[Given entries Boundary: Start]

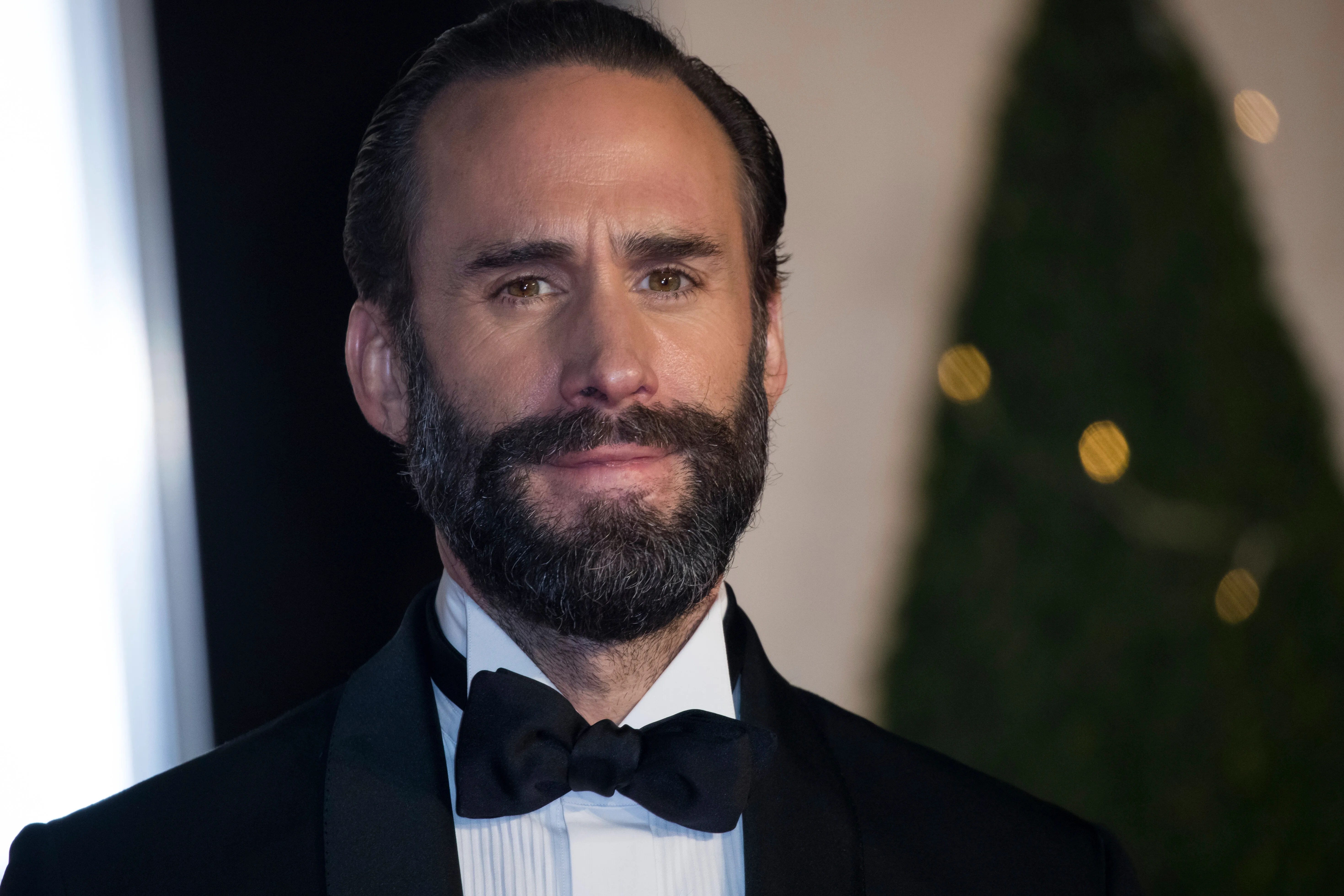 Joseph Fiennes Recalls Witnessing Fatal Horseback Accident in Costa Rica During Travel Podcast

[Given entries Boundary: End]
[Given entries Boundary: Start]

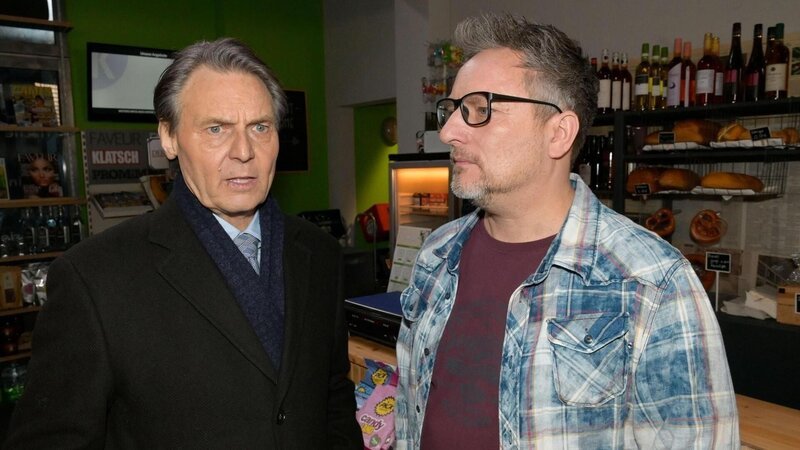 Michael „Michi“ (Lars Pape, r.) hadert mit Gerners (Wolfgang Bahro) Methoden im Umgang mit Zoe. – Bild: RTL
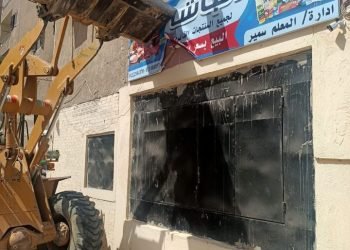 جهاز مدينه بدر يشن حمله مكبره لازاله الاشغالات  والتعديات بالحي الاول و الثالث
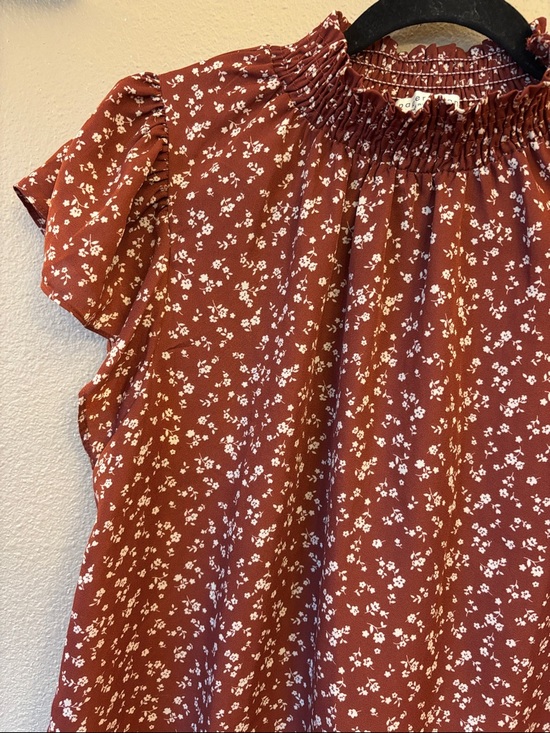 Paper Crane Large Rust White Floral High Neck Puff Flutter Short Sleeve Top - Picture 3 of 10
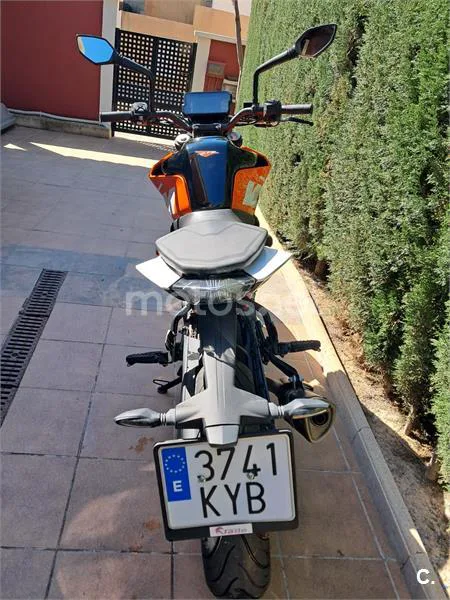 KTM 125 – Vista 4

[Given entries Boundary: End]
[Given entries Boundary: Start]

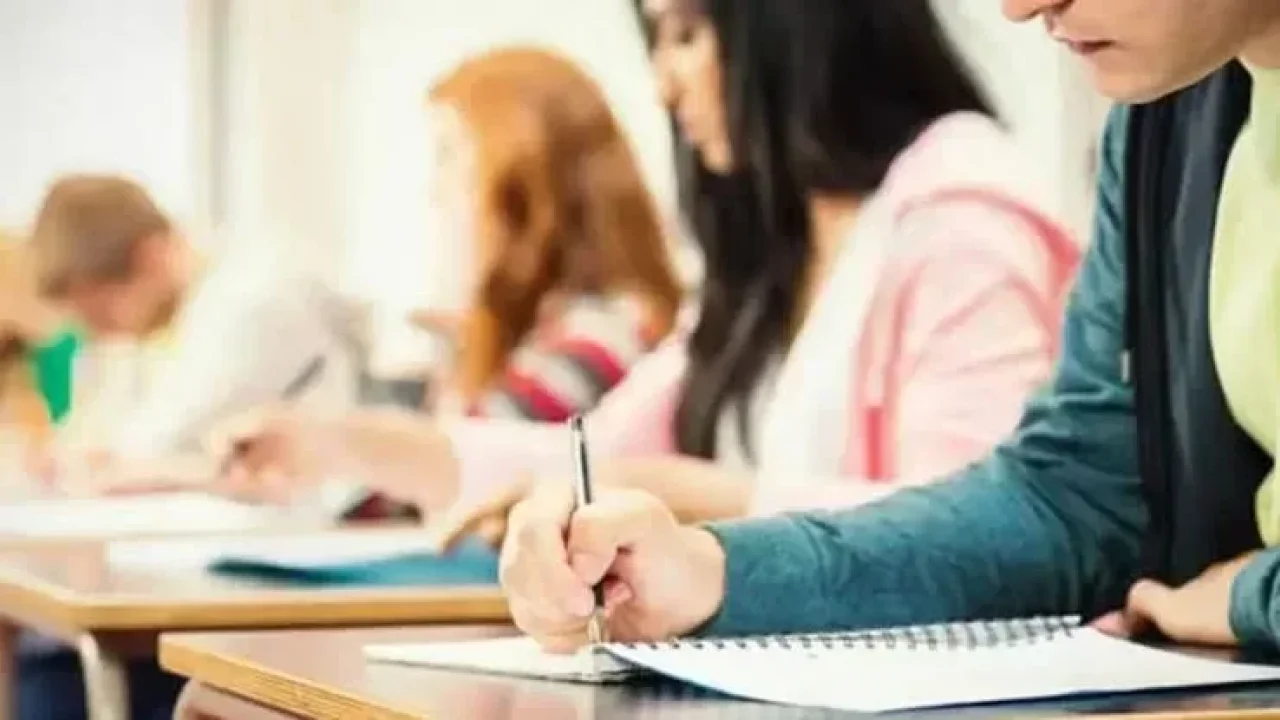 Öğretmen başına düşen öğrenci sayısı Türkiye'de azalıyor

[Given entries Boundary: End]

Exercise requirements:
Leaving out all pictures, set down exactly the lines of the material above, from the line with "Zoe. – Bild: RTL" to the line with "KTM 125 – Vista 4" inclusive, and no others.

Task answer:
 Michael „Michi“ (Lars Pape, r.) hadert mit Gerners (Wolfgang Bahro) Methoden im Umgang mit Zoe. – Bild: RTL
 جهاز مدينه بدر يشن حمله مكبره لازاله الاشغالات  والتعديات بالحي الاول و الثالث
 Paper Crane Large Rust White Floral High Neck Puff Flutter Short Sleeve Top - Picture 3 of 10
 KTM 125 – Vista 4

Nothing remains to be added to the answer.